[ATTORNEY DISCIPLINE]

Sexual relationship with elderly client brings suspension


An attorney who engaged in sex with a 70-plus-year-old client suffering from Alzheimer's disease has been suspended from practicing law for nearly four years. PAUL MICHAEL GRAY [#140320], 50, of Hemet also induced the elderly woman to give him $50,000 and ignored a court order forbidding contact with her. Gray was suspended for five years, stayed, and placed on five years of probation with an actual 42-month suspension and until he makes restitution to two clients and proves his rehabilitation. He also was ordered to take the MPRE and comply with rule 955. The order took effect April 19, 1998.
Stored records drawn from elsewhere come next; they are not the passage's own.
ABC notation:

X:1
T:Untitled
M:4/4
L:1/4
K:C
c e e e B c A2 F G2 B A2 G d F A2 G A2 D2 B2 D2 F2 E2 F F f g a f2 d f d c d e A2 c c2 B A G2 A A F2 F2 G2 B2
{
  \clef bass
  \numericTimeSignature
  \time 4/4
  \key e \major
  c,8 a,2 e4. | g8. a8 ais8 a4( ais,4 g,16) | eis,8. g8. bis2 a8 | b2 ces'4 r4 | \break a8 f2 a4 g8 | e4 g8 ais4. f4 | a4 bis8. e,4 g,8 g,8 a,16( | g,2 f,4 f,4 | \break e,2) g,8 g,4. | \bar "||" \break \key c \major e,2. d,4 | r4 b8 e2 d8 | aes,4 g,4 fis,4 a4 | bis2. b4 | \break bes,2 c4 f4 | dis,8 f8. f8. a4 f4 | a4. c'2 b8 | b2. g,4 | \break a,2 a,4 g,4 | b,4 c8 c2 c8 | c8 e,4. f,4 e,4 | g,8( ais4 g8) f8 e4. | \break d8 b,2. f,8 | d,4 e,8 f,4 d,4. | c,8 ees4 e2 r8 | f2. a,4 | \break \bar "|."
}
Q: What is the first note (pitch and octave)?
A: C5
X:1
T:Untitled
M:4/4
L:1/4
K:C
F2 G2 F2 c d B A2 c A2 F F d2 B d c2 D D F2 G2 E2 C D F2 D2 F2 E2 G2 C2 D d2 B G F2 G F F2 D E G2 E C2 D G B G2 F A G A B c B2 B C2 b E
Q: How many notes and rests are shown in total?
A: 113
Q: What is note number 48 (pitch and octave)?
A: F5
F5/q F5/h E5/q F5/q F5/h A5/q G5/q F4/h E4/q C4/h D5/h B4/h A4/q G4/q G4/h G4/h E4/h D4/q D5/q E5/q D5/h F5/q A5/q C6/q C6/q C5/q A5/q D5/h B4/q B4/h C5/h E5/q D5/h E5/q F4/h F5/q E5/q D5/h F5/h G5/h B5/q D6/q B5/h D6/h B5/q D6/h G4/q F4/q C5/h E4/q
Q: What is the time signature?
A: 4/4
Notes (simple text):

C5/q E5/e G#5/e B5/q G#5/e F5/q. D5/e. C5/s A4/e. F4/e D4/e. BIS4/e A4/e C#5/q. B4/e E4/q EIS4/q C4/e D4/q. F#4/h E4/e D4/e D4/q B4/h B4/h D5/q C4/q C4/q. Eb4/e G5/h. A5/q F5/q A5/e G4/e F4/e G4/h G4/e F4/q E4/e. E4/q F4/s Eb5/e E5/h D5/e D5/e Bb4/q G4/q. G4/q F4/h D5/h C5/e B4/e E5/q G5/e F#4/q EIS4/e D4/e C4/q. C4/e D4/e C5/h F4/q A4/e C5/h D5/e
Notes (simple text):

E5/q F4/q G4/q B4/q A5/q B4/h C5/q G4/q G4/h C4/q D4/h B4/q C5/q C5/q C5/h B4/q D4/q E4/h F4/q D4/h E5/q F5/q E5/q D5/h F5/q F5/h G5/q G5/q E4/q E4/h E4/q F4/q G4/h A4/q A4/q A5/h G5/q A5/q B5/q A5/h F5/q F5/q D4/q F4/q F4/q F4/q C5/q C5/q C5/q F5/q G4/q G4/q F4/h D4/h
After a default hearing, the State Bar Court found in one matter that Gray committed three acts of moral turpitude as a result of his relationship with an elderly client. He was hired by the client, who was over 70 and suffering from Alzheimer's disease, to help her reconcile with her husband. During a trip to Arizona to meet with the husband, Gray learned of his client's considerable financial worth. During the same trip, Gray, who was 47 at the time, engaged in sexual relations with his client.

Several months later, he induced the client to give him $50,000, ostensibly to relocate his practice to northern California, where he planned to move with his client. When Gray learned the client stopped payment on the check the next day, he pressured her into giving him a second check.

Gray never advised the client in writing to seek the advice of independent counsel; instead he gave her a list of attorneys and told her to choose one and instruct that attorney to write a letter indicating that the money was a gift.

Several months later, the client's conservators obtained a temporary restraining order against Gray forbidding further any contact with the client. He remained in contact with his client, and continued to meet and talk with her despite a subsequent injunction prohibiting harassment. At times, he spoke to his client as many as six times a day by phone.

After the client's representatives sued Gray for breach of fiduciary duty and fraud, he agreed to repay the $50,000. He entered into a settlement and paid her $25,000 but never paid the balance.

During the trial before the bar court, Gray's client submitted a declaration that she had never had sexual relations with him. The court determined, however, that the declaration was written by Gray.

It found that Gray committed acts of moral turpitude by having sex with a vulnerable woman suffering from Alzheimer's disease, by manipulating her to give him $50,000, and by failing to advise her in writing to seek independent counsel about bestowing money on him.

"An elderly woman looking for companionship who was suffering from Alzheimer's disease unwittingly became (Gray's) prey," wrote the hearing judge. He "abused the trust that had been reposed in him."

In another case, Gray was retained to represent a client who was trying to evict a tenant. When the tenant filed for bankruptcy, Gray's client agreed he should file a motion requesting relief from the automatic stay in order to permit the eviction case to proceed. He never filed the motion.

When the client tried to contact Gray, she learned he had moved from his office three months earlier.